Privilege Escalation in NVIDIA GPU Driver Allows Container Escape in Multi-Tenant AI Workloads
Overview
A high-severity vulnerability was identified in the NVIDIA GPU driver for Linux, enabling privilege escalation from a containerized environment. The flaw, tracked as CVE-2025-28431, is an improper access control issue within the driver's kernel mode layer. In cloud environments utilizing GPU sharing technologies like NVIDIA's Multi-Instance GPU (MIG), this vulnerability poses a significant risk. A malicious actor with access to a container on a shared GPU can send a specially crafted IOCTL call to the NVIDIA driver. This exploits the access control flaw, allowing the attacker to write to arbitrary kernel memory. Successful exploitation allows the attacker to break out of the container's isolation, gain full root privileges on the host operating system, and potentially access or disrupt the workloads of all other tenants sharing the same physical GPU. This compromises data confidentiality and integrity for all AI models and data being processed on the compromised node.
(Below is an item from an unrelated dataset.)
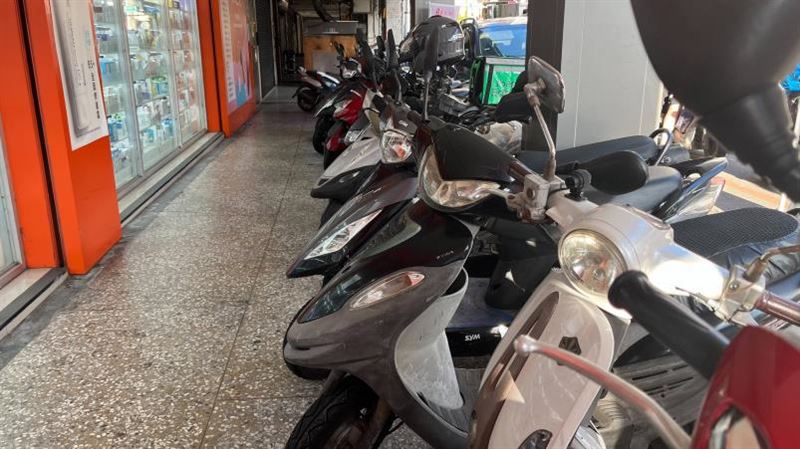 機車立中柱「巧勁是什麼」？老司機揭關鍵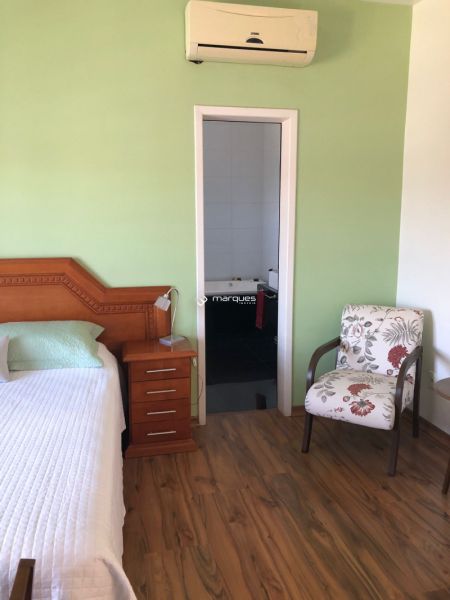 Casa com 3 quartos, 2 banheiros e 287m² à venda no bairro Areal, Pelotas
Cloud providers and on-premise Kubernetes cluster operators running multi-tenant AI workloads were urged to patch immediately to prevent cross-tenant attacks.
Affected Systems
Testing Guide
1. **Check Driver Version:** On the host system, run `nvidia-smi` to check the installed driver version. Compare this with the patched version number listed in the security advisory. 2. **Use Vulnerability Scanners:** Run an infrastructure vulnerability scanner (e.g., Trivy, Qualys) against your host systems and container images to detect outdated and vulnerable driver components. 3. **Review Security Contexts:** Audit your Kubernetes pod security policies or security context constraints to ensure that GPU-enabled pods are not running with unnecessary privileges.
Mitigation Steps
1. **Update NVIDIA Drivers:** Immediately update all host systems to the patched NVIDIA driver version (550.40.10 or newer) as specified in the NVIDIA security bulletin. 2. **Use Secure Runtimes:** Employ container runtimes with stronger sandboxing capabilities, such as gVisor or Kata Containers, to provide an additional layer of defense-in-depth. 3. **Limit Privileged Containers:** Disallow the use of privileged containers (`--privileged` flag in Docker) for ML workloads unless absolutely necessary, and use security contexts to restrict capabilities. 4. **Monitor Kernel Logs:** Actively monitor host kernel logs for anomalous activities related to the GPU driver.
Patch Details
Patched in NVIDIA Linux driver version 550.40.10. See NVIDIA Security Bulletin 5594.